Dans des dizaines de milliers de maisons de Cisjordanie, vivent des gens qui ne se sont pas retrouvés à l’hôpital mais qui accumulent, jour après jour, de dures impressions sur la nature et le comportement des seuls Israéliens, ou presque, qu’ils rencontrent : les soldats aux barrages. Des gens qui ne sont pas palestiniens et qui passent aux barrages peuvent, eux aussi, en arriver à la même conclusion que la majorité des soldats qui y sont postés sont grossiers, arrogants, vantards, et bien sûr insensibles. Il apparaît trop souvent que les soldats font délibérément traîner, longtemps, les files de voitures et de personnes. Bien trop souvent, on les voit rire et sourire à la vue de ces centaines de personnes amassées, pressées, dans la file lente qui attend derrière l’étroit tourniquet du point de contrôle.

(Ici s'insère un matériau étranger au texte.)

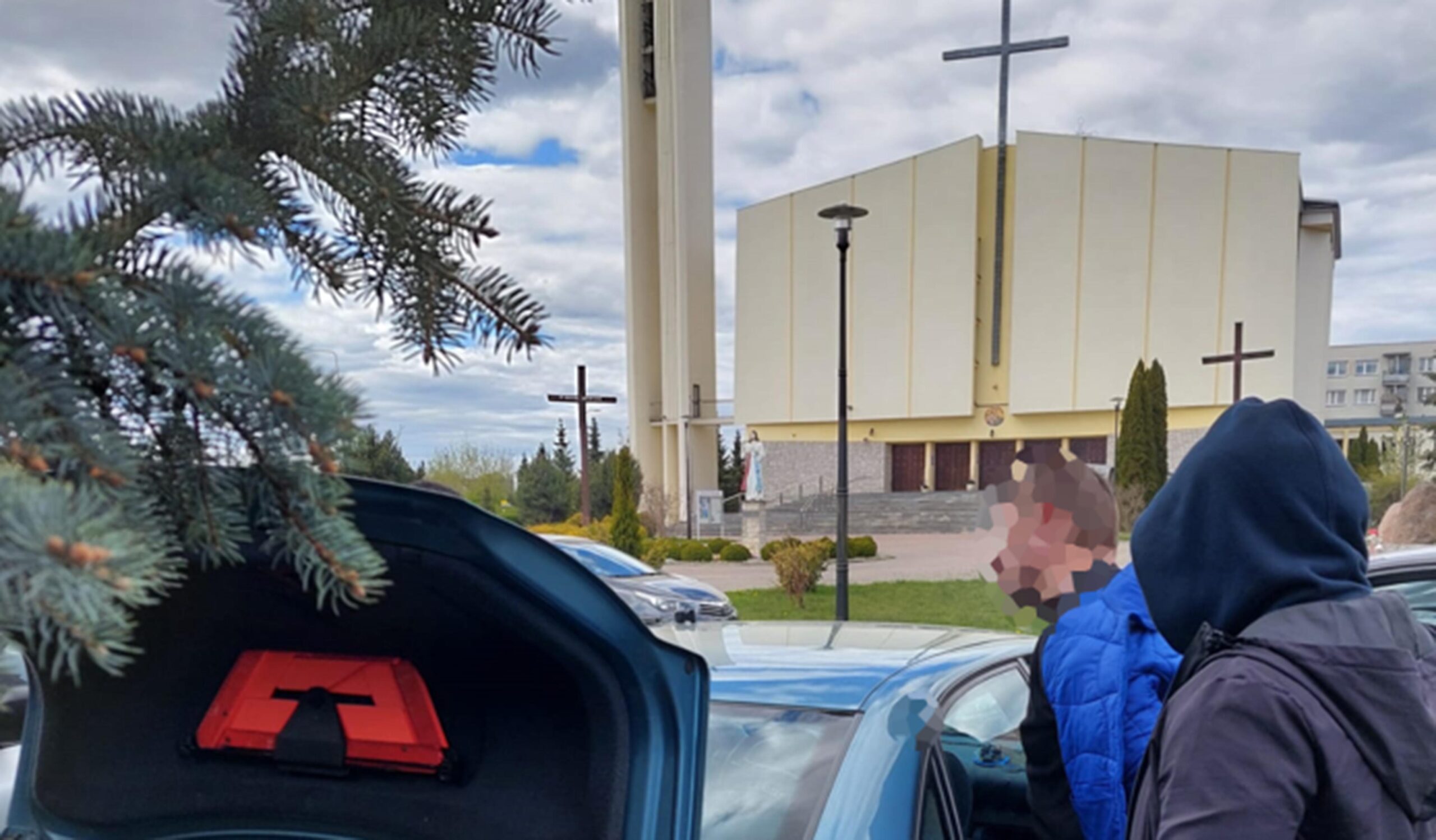 Zatrzymani na gorącym uczynku - okradali kościelne puszki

Les Palestiniens ne s’intéressent pas et n’ont pas besoin de s’intéresser aux explications qu’on entendra en Israël : une mission difficile, la possibilité que quelqu’un vienne avec une ceinture d’explosifs, des soldats qui ont peur, ils sont jeunes, encore des enfants, ils défendent la patrie, s’ils n’étaient pas postés à des check-points situés en profondeur dans le territoire de la Cisjordanie, des terroristes-suicide parviendraient à l’intérieur d’Israël. La vérité est que ces explications ne devraient pas non plus intéresser les parents de ces soldats. Ils devraient, par contre, être très inquiets de ce que leur Etat envoie leurs fils et leurs filles pour une mission d’apartheid : limiter les déplacements des Palestiniens à l’intérieur du territoire occupé, réduire l’espace palestinien pour offrir aux Juifs un libre déplacement sur ce même territoire occupé et pour y étendre leur propre espace. Pour accomplir pleinement cette mission, les soldats doivent, face aux autochtones, se sentir « supérieurs » et se comporter comme tels.